PLOWBOY: Getting started with a whole new process of any kind is always the hardest part. Did you experience any unusual difficulties during the early stages of your research?
FRY: Curiously enough, one of the most difficult parts of all was determining the, exact amount of manure my farm produced each day. It sounds quite easy... but when you have a thousand pigs and something like six people cleaning sties, it's very hard to establish just how much manure you have.
We finally did it, in the end, with a tripod and spring scale. We weighed every wheelbarrow load and subtracted the weight of the barrow and averaged the approximately 26 loads of manure a day over a week and found that we had about two tons-or 1,350 pounds dry weight-of fresh waste a day. We had to reduce it to dry weight figures, of course, to determine digester capacity.
Once I had the calculations in hand I went to a local university and studied everything I could find on waste disposal in general and anaerobic digestion in particular. I also visited the local sewage works, where I learned a great deal more than I did at the university.

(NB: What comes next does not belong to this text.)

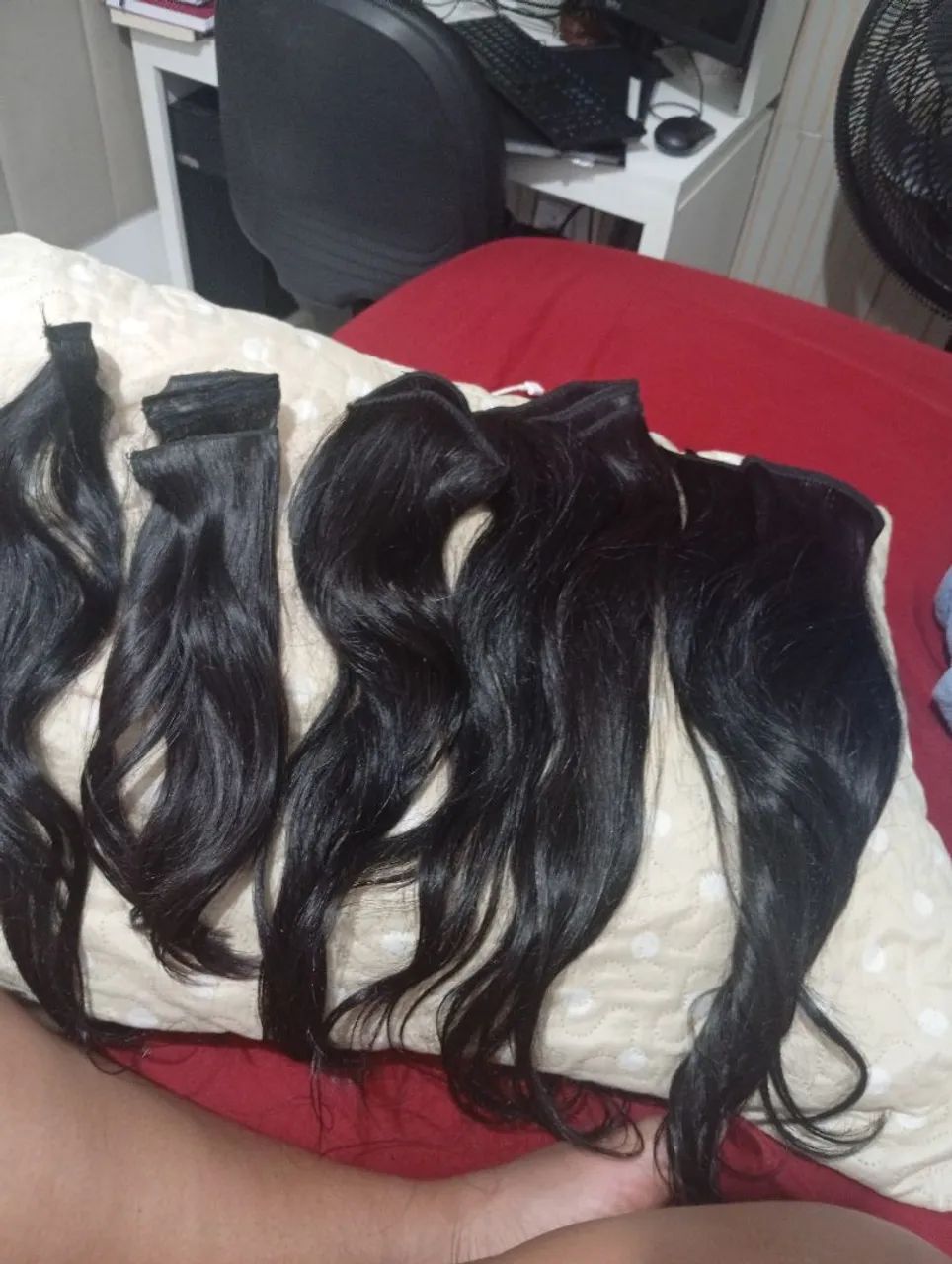 Mega hair humano na tela.   - Foto 2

Eventually I got down to designing ... planning and drawing up our main plant. I didn't hurry this step too much. Rather, I spent about three months working out each portion in detail. I carefully calculated exactly what I was going to do and how I'd do it. Then I coordinated the whole thing into one master plan.

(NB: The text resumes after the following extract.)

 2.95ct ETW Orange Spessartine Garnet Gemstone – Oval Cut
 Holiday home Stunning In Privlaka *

PLOWBOY: Did you have any mechanical or engineering experience to draw on while you were doing this design work?
FRY: No, but I did have some knowledge of construction because I had built all the sties on the farm and I had devised a number of cost-cutting ideas at that time. As a matter of fact, I'd like to apply some of those schemes to the construction industry right here in California. I think they'd apply and would allow the contractors who used them to fabricate buildings at less-than-current expense.
Anyway, I got down and built the whole unit and I must admit that it did take a little courage to spend $ 10,000 putting up a thing I couldn't be absolutely sure would work.

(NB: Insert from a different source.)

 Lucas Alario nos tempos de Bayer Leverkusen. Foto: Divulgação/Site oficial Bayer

I remember that one of my closest friends came around to the farm one day and said, "Look, you know, it's a terrible shame to spend all that good money on this project and ... I mean, do you really think it will produce gas and all that?" And I said, "Oh yes, I'm quite sure it will" ... but I wasn't absolutely certain the digester would work. you know.
PLOWBOY: You must have been all but convinced, though....
FRY: I had a strong suspicion.
PLOWBOY: ... convinced enough to include a diesel engine to run on the gas that you thought the digester would produce.
FRY: Well the engineroom was sort of an afterthought. It was the final touch to the whole thing. I actually got the digester in operation, I should think, by the end of 1957 ... and I started putting the engineroom together in 1958.
I bought that diesel powerplant-one of the old-fashioned, very slow-running kind with the big flywheels-in a scrap yard. It was all covered with rust and looked absolutely deplorable. We cleaned it up and got it into the engineroom and with a great deal of very involved mathematics, trued it up with a drive shaft that took the power off to all sorts of different areas on the farm ... for pumping water and generating electricity and so on.
One pump on the line circulated water between the engine and pipes inside the gas-producing tank so that the water which cooled the powerplant kept the digester warm while the digester provided the fuel that kept the engine running. This, of course, was a perfect cycle and a very efficient one.
PLOWBOY: How large was this engine?
FRY: Thirteen horsepower ... and it turned a 6-kilowatt electrical generator and did all manner of other work. This was a problem in itself, I should point out, because the engine had to be kept on a fairly heavy load-between 80 and 90 percent capacity-in order for it to run smoothly and evenly. The governor was a pretty complicated thing, believe me. It had an automobile shock absorber built into it so that it couldn't "hunt"-open and close suddenly-and by the time I finished it, it was a supreme mass of gadgetry. But it worked beautifully and the engine ran day and night for six years.
PLOWBOY: The unit ran continuously for six years?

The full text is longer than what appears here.